EQはIQが「(頭脳の)知能指数」であるのに対し、「自身や周囲の人達の感情を適切に察知し、うまく扱う能力」、すなわち「こころの知能指数」と定義されます。具体的には、例えば、「柔軟性、共感力、傾聴力、ストレス耐性、率直、粘り強さ……」などと表されます。
「リスキリング」が主に知識中心のものであるとして、それを補完するものとしてEQのようなものが必要と理解していただいても良いでしょう。

ただ、EQのように「……力」というものの羅列ではまどろっこしいので、もっと端的に一語で表すと、筆者は「オープンマインド」という言葉を使いたいと考えています。

具体的には、対人関係では、同じ文化や風土を共有しない人と交わっていく、仕事を一緒にしていくときに、心を開いて自分を曝け出し、相手を受け入れることです。

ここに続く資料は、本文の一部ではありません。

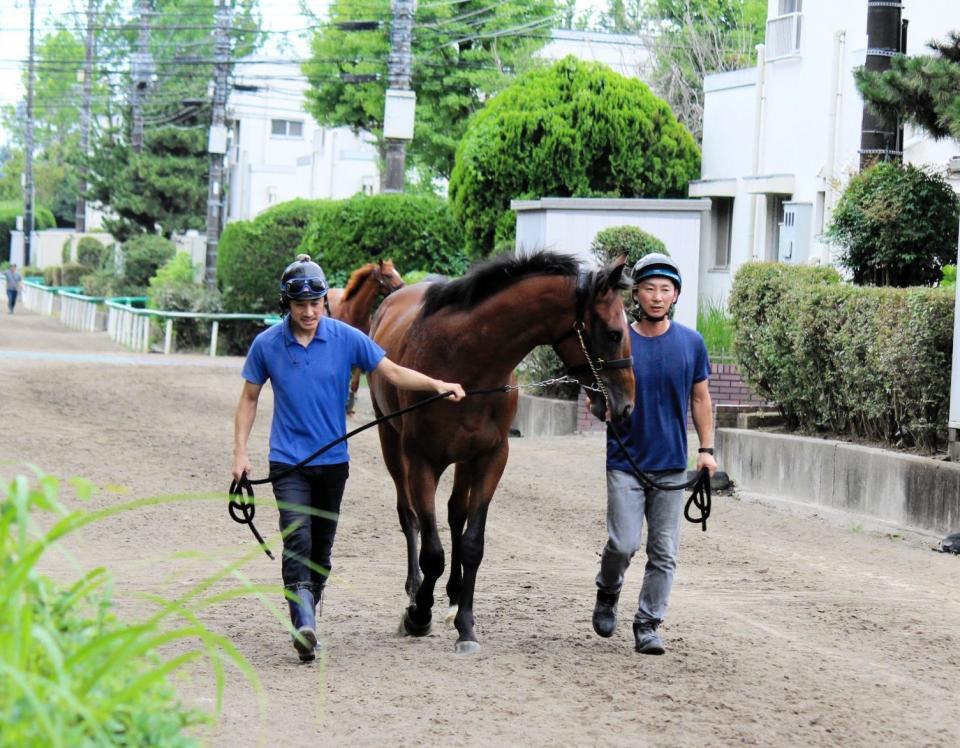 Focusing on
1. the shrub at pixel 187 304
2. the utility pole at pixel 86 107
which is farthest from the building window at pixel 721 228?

また、自分の経験やスキルについても、そこに安住するのではなく、一度客観的に見つめ、謙虚に新たな学びや経験にチャレンジすることも重要でしょう。

サポートが十分に得られる状況にはない「新天地」で新たなキャリアに踏み出す場合には、オープンマインドによって他人と繋がり、仲間を増やし、互いに助け合いながら物事を成し遂げていくことが重要になってきます。

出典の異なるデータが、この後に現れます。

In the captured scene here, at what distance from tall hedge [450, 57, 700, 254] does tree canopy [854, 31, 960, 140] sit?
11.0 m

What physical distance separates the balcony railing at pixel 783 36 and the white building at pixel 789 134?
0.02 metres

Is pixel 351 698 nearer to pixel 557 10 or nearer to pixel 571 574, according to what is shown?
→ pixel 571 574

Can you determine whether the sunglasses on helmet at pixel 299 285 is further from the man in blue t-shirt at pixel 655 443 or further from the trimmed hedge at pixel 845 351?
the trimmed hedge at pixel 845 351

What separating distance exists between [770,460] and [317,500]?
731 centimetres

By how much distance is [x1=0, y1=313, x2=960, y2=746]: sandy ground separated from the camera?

自分のことを素直に表現し、情報を出し惜しみすることなくgive することによって、相手も心を開いてくれるでしょう。互いに相手をrespect し合い、協調できる道を作っていくことが力となっていくのです。

では、新たなキャリアを新天地で開始する場合に、従来の会社や職場とは違う環境で、仲間を作り、巻込んでいくための「オープンマインド」は、どのような学習、あるいは経験をすれば身に付くのでしょう。

ここでも、企業が果たす役割は重要です。

この点については、次回具体的に考えたいと思います。
  • 1

この記事にリアクションをお願いします!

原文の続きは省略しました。